Whie voiced firm support for the present coalition government, despite what he called a "miserable record" of repression. He praised government land reform which, he said, has compensated previous owners, set up agricultural cooperatives and is moving toward creation of family farms for almost 150,000 new owners in a country whose small oligarchy has maintained a stranglehold on the economy for generations.

The present government is "perfectly capable of handling the situation" without U.S. military aid, White said. "The leftist guerrilla threat has always been misanalyzed by the Pentagon . . . when the guerrillas announced their final offensive in January and imported massive quantities of arms, this beleaguered government put down the offensive without one cartridge coming from the United States . . . There is no reported incident of guerrillas holding any base or town for more than 24 hours."

When the guerrillas called for a general strike, everyone ignored it, he said.

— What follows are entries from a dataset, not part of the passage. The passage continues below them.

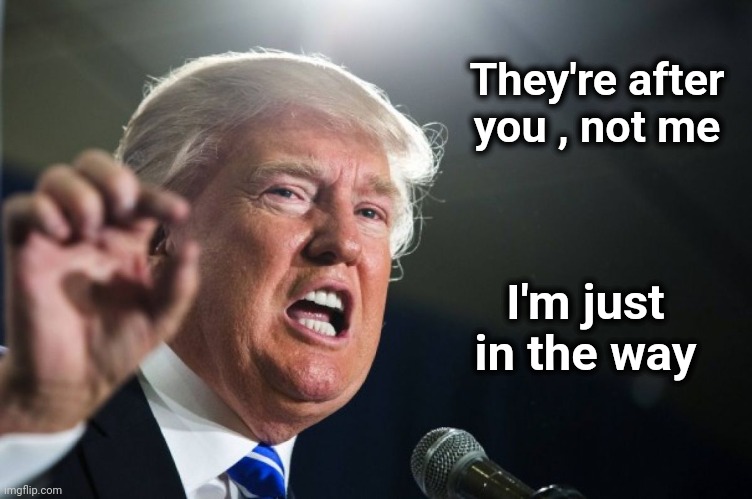 donald trump | They're after you , not me I'm just in the way | image tagged in donald trump | made w/ Imgflip meme maker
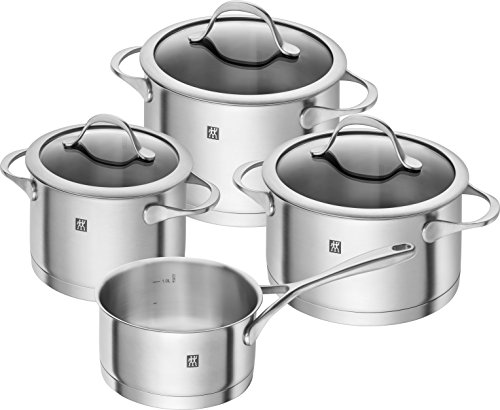 ZWILLING Essence Kochtopf-Set, 4-teilig, 3 Deckel, Induktionsgeeignet, Edelstahl, 4 Tlg.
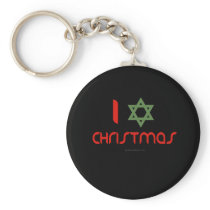 I Hanukkah Christmas green Key Chains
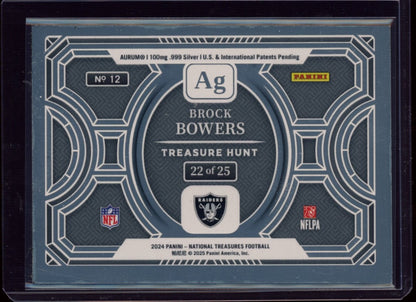 2024 Panini National Treasures #12 Brock Bowers Treasure Hunt Silver #/25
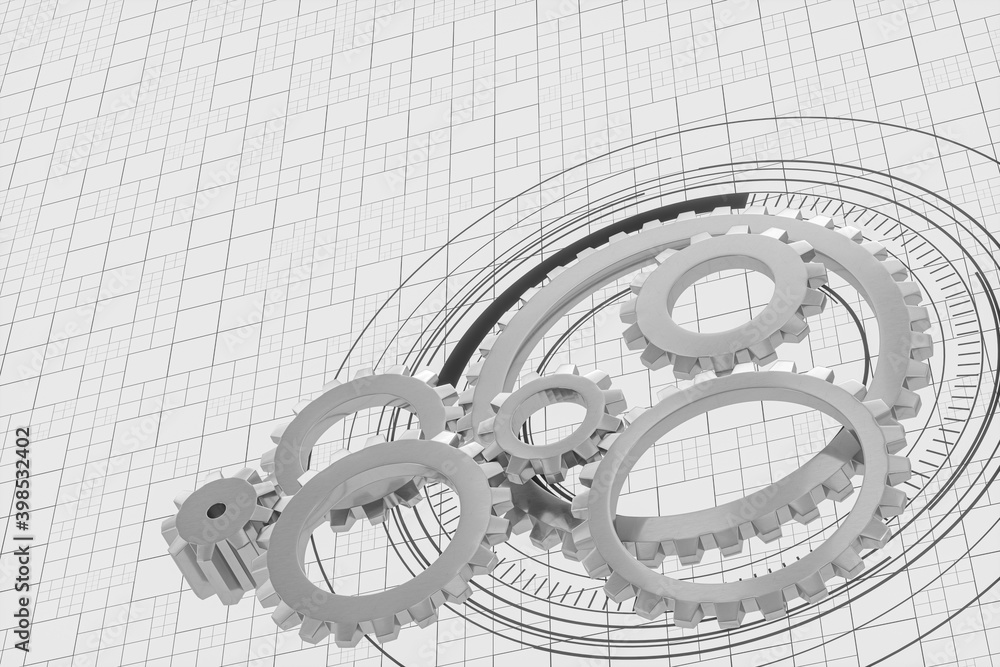 Poster mechanical gears and blueprint lines, 3d rendering.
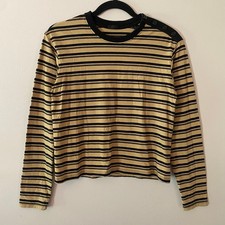 ATM Anthony Thomas Melillo Black Tan Stripe Crewneck Long Sleeve Shirt Women XS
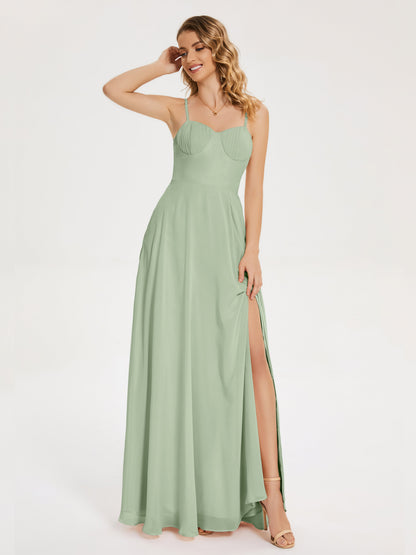 Ruth Spaghetti Straps A-line Bridesmaid Dress with Slit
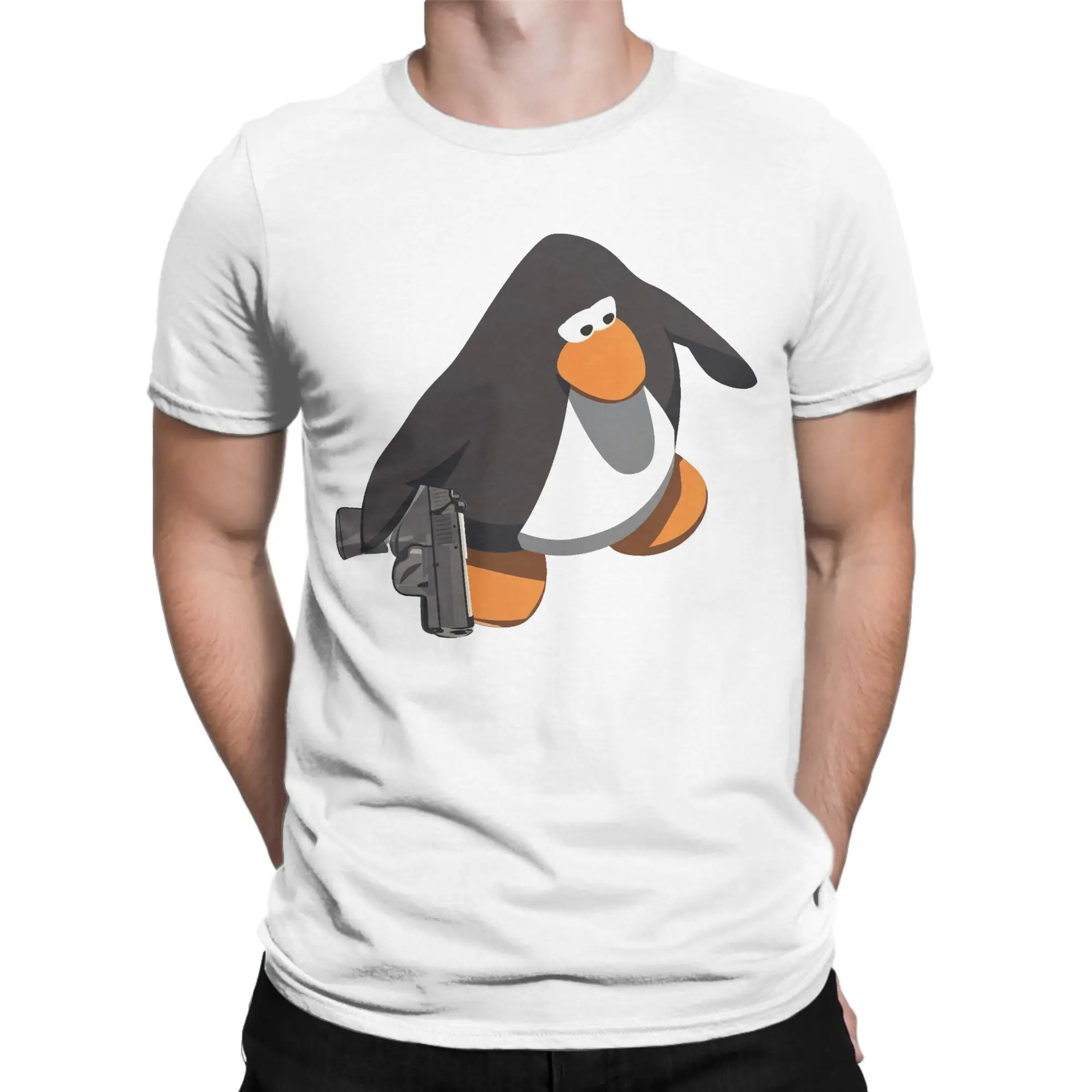 Clubs Penguins Penguin Retro Video Game Cartoon  T-Shirts Men  Vintage 100% Cotton Tees Crewneck T Shirts Gift Idea Clothing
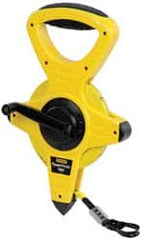 Stanley - 100' x 1/2" Tape Measure - 1/8" & 1/100 & 1/10 & 0.10' Graduation, Engineer Scale Graduation Style, Yellow/Black Case - Americas Industrial Supply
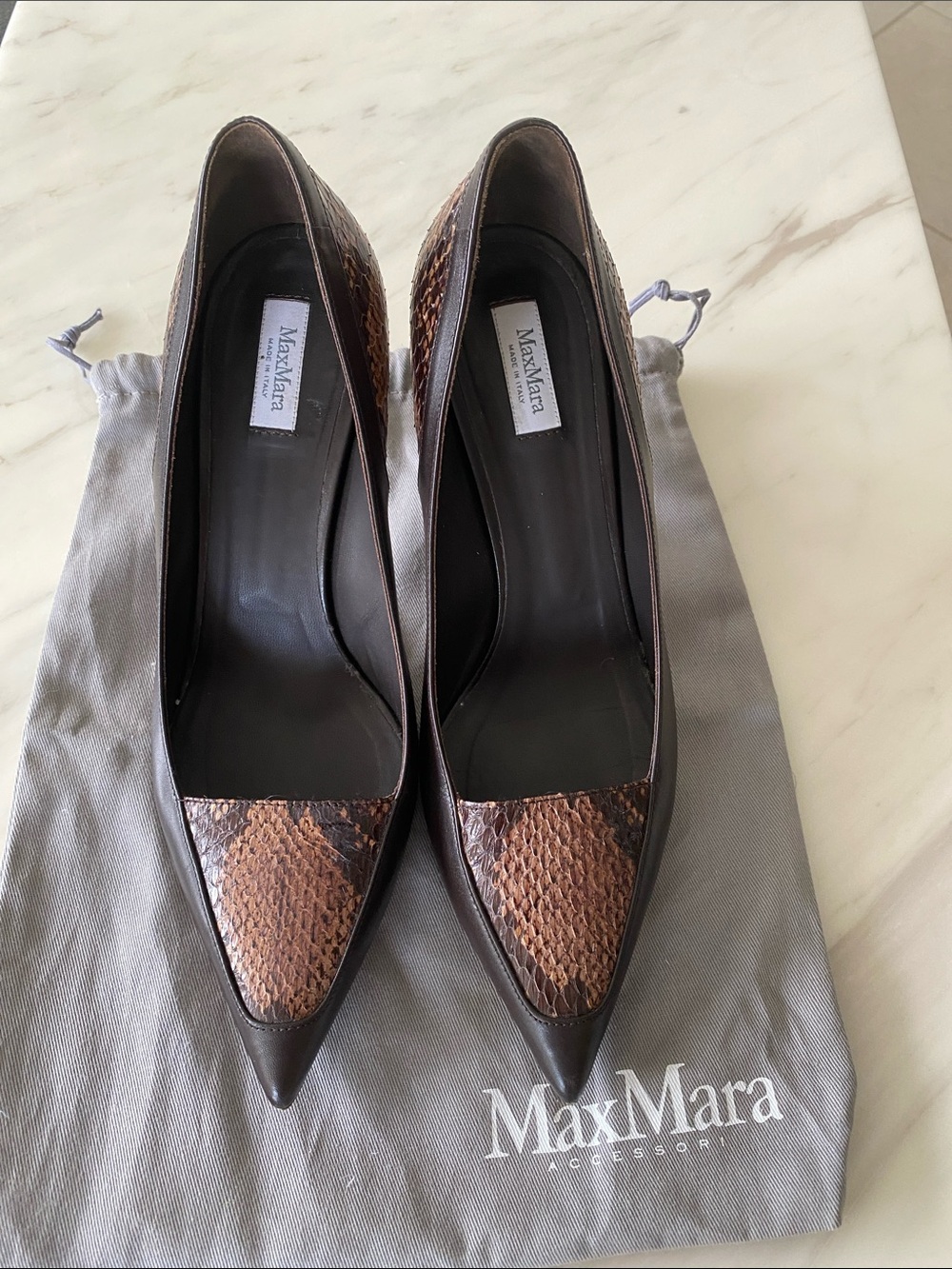MaxMara Brown Snake-Print Pointed-Toe Leather Pumps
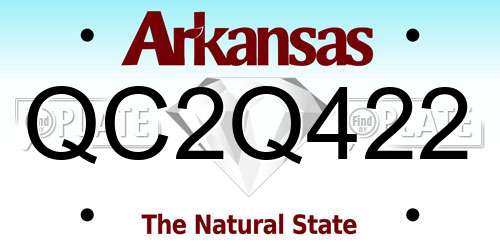 QC2Q422 Arkansas License Plate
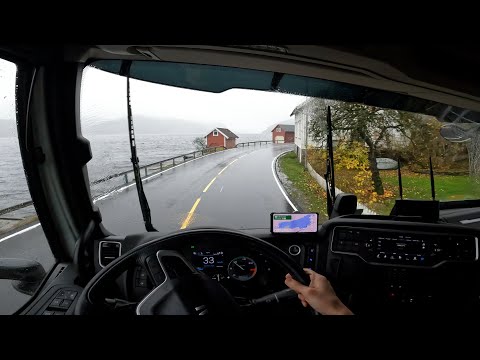 POV Driving Iveco Sway570 – Rainy country road Fv460 - Norway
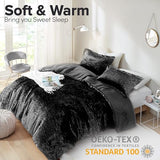 Comfort Spaces Juliette Luxe Comforter Set Velvet Lush with Soft Brushed Microfiber Reverse, All Season Cozy Velvet Bedding Sets, Fluffy Comforter Bed Set, Matching Sham, Black King 3 Piece Comfort Spaces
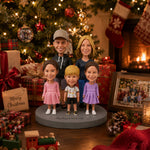 Custom Family Bobbleheads with 3 Kids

Though acknowledging the flow of arms through Nicaragua into El Salvador, White said, "There are arms, but there aren't the guerrillas willing to pick them up because the cause of the guerrillas is declining and the cause of democracy is going forward."

White said that during his 10 months as ambassador, the Pentagon continually tried to increase the number of military advisers in El Salvador, which has been steady at five to six persons.

On Jan. 19, White said, Col. Eldon Cummings, commander of the U.S. military group in El Salvador, tried "under severe pressure from the Pentagon" to persuade him to send a message to Washington requesting 75 military adviser. White refused.

White also said he had opposed President Carter's resumption of miliary aid after the four American church women were murdered. He said the State Department claim that the government was making progress investigating the murders was false. "There never was, and there never has been a serious investigation of the deaths," he said.

White told reporters after the hearing that on at least two occasions he had recommended that the government use all of its resources, including the FBI and the IRS, to investigate the activities of Salvadorans in Miami.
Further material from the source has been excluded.